Repository files navigation

Loom Logo

loom-dataflow is a sub-module of the loom project. It provides an MLIR-backed compiler pipeline for exploring spatial hardware mappings and generating constraint models for dataflow accelerators.
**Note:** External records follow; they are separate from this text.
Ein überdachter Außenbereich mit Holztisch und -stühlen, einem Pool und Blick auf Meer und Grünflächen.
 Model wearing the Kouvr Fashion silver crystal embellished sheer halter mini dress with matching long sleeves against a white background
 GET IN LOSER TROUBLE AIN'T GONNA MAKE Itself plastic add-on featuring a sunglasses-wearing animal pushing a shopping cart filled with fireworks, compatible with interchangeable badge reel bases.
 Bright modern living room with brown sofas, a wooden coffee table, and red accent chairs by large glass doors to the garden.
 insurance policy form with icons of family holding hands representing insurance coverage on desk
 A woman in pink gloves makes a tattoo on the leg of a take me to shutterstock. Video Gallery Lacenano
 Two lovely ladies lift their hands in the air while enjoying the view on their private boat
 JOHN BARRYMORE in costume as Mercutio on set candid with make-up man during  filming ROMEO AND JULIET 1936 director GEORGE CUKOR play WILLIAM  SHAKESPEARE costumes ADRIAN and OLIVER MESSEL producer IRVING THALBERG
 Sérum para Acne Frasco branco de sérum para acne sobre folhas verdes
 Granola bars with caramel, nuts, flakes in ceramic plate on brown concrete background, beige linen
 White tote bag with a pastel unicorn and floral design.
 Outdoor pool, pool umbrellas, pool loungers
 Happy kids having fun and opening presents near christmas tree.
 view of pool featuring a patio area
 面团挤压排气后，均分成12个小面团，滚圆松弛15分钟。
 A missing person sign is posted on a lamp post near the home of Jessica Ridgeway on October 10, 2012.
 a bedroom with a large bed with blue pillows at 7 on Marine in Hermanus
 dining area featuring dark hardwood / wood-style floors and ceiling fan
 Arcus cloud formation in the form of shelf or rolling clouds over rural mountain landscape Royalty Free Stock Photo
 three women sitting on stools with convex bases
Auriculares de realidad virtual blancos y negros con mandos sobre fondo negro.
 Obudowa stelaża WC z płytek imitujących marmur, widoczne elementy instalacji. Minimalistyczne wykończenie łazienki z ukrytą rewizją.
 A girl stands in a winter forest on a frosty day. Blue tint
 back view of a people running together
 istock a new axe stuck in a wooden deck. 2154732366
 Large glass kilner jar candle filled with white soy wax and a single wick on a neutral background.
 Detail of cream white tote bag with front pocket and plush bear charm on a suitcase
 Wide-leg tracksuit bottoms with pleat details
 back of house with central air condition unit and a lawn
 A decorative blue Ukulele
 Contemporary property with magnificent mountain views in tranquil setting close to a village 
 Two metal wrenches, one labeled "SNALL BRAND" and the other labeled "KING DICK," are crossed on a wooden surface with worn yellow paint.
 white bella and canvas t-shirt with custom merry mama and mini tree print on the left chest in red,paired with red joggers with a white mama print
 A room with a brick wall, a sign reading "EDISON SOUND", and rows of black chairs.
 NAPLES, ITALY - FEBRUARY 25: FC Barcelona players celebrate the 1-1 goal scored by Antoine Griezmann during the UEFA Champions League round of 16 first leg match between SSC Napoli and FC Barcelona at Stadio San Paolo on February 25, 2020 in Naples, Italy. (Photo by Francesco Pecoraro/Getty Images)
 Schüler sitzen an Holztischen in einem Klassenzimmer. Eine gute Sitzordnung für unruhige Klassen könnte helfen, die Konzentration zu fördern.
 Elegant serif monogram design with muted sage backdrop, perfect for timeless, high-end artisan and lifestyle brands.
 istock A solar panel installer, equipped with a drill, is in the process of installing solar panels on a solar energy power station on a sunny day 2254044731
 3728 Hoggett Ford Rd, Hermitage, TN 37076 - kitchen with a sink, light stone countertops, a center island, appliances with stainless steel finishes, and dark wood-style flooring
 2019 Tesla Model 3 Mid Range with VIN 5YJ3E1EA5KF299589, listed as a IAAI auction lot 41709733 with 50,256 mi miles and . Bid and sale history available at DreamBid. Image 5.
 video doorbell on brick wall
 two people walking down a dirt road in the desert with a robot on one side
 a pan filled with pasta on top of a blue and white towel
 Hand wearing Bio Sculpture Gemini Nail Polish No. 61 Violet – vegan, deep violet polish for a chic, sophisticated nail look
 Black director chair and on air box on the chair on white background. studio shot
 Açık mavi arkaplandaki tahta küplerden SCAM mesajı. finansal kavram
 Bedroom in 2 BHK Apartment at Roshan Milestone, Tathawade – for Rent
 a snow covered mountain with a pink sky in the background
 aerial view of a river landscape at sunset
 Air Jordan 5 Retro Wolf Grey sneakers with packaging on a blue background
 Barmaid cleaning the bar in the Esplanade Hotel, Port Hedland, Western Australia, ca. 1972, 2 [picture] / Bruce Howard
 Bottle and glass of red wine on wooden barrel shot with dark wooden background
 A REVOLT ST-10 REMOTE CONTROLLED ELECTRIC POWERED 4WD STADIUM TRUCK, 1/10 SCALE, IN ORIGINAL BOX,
The pipeline lowers tensor-level kernels through a series of analysis and transformation passes, culminating in bufferized IR annotated with hardware mapping and memory allocation decisions.

Repository Map

lib/
  analysis/         — Static memory analysis library (shared by passes and debug CLI)
  dataflow-dialect/ — TableGen + C++ for the df MLIR dialect
  loom-dialect/     — TableGen + C++ for the loom MLIR dialect
  modules/          — Hardware topology compositions (2D mesh, torus, ring chains)
  passes/
    common/         — Shared analysis utilities (hardware discovery, affine utils, etc.)
    loom-opt/       — Core transformation passes
    lcs/            — Loom Compute Schedule: staged ETG builder and constraint expressions
    tt-opt/         — Post-bufferization TT optimization passes
  pipeline/         — High-level C++ API and Python bindings (pybind11)
  resources/        — Primitive hardware resource models (SRAM banks, rings, chains)
tool/
  loom-opt/single_stage/ — Single-stage CLI drivers for each pipeline pass
  tt-opt/single_stage/   — CLI driver for tt-opt
  dataflow-dialect/      — Dataflow dialect utilities
  resource-system/       — Hardware resource demos
  loom-lsp-server/       — LSP server for IDE support
test/
  Passes/mm_2Dmesh/      — Primary regression test (matrix multiply on 2D mesh)
  Passes/flashattn_2Dmesh/
  Passes/mm_ibmring/
  Dialect/               — Dialect syntax and semantics tests

Requirements

  • CMake ≥ 3.20, Ninja, a C++17 compiler, and lld (or another linker if you override LLVM_USE_LINKER).
  • An installed LLVM/MLIR build that exports CMake packages. The scripts default to MLIR_DIR=/opt/llvm-mlir/lib/cmake/mlir.
  • lit or llvm-lit on PATH for CTest-driven MLIR tests (pipx install lit is the recommended route).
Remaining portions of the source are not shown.